You are viewing a plain text version of this content. The canonical link for it is here.
Posted to dev@systemml.apache.org by Mingyang Wang <mi...@eng.ucsd.edu> on 2017/04/20 00:48:01 UTC

Questions about the Compositions of Execution Time

Hi all,

I have run some simple matrix multiplication in SystemML and found that JVM
GC time and Spark collect time are dominant.

For example, given 4 executors with 20 cores and 100GB memory each, and a
driver with 10GB memory, one setting is

R = read($R) # 1,000,000 x 80 -> 612M
S = read($S) # 20,000,000 x 20 -> 3G
FK = read($FK) # 20,000,000 x 1,000,000 (sparse) -> 358M
wS = Rand(rows=ncol(S), cols=1, min=0, max=1, pdf="uniform")
wR = Rand(rows=ncol(R), cols=1, min=0, max=1, pdf="uniform")

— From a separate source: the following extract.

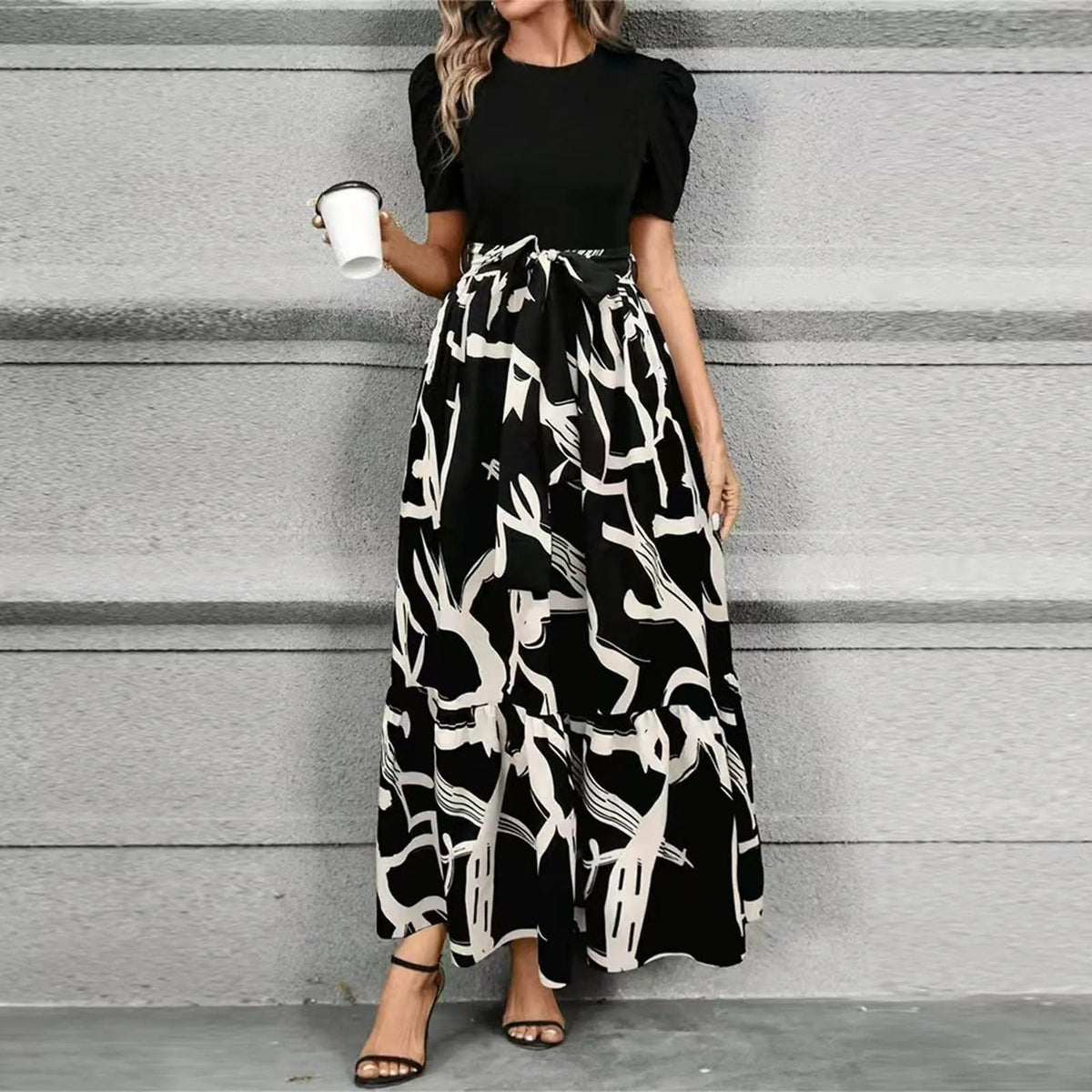 Aaliyah | Cosy Floral Tie-Waist Maxi Races Dresses
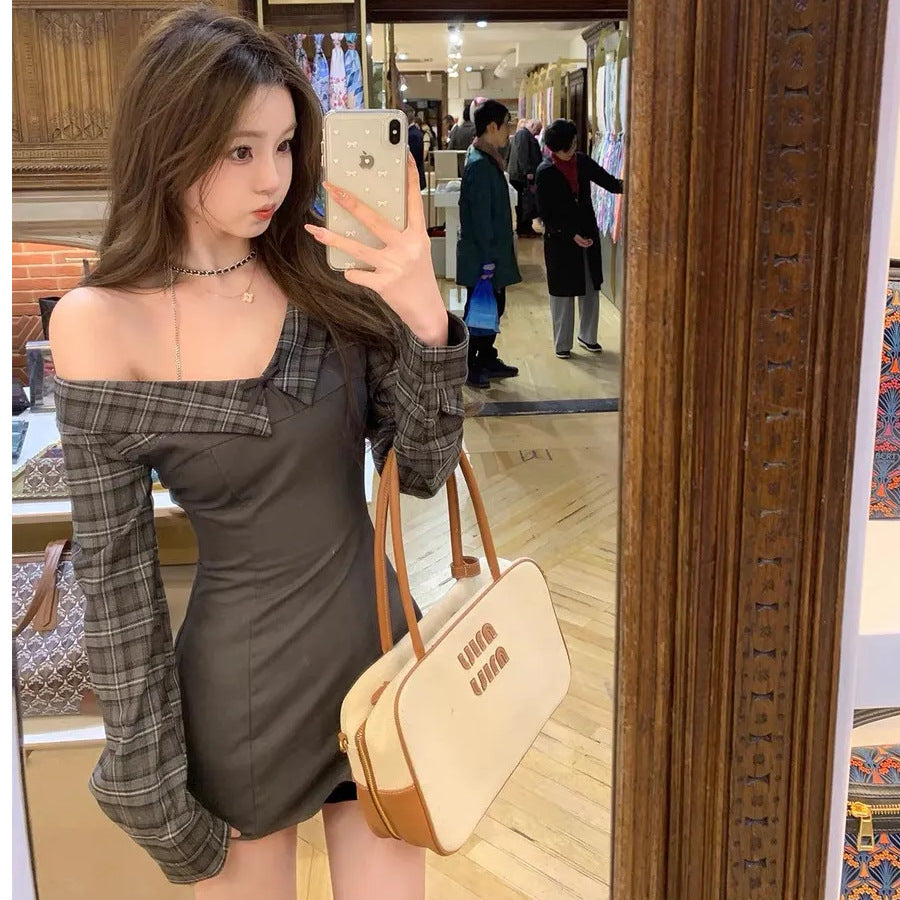 Retro Plaid Patchwork Mock Two-Piece Off-Shoulder Bodycon Mini Skirt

temp = S %*% wS + FK %*% (R %*% wR)
# some code to enforce the execution

It took 77.597s to execute while JVM GC took 70.282s.

Another setting is

T = read($T) # 20,000,000 x 100 -> 15G
w = Rand(rows=ncol(T), cols=1, min=0, max=1, pdf="uniform")

temp = T %*% w
# some code to enforce the execution

It took 92.582s to execute while Spark collect took 91.991s.

My questions are
1. Are these behaviors expected, as it seems only a tiny fraction of time
are spent on computation?
2. How can I tweak the configuration to tune the performance?
3. Is there any way to measure the time spent on data loading, computation,
disk accesses, and communication separately?
4. Any rule of thumb to estimate the memory needed for a program in
SystemML?

I really appreciate your inputs!


Best,
Mingyang Wang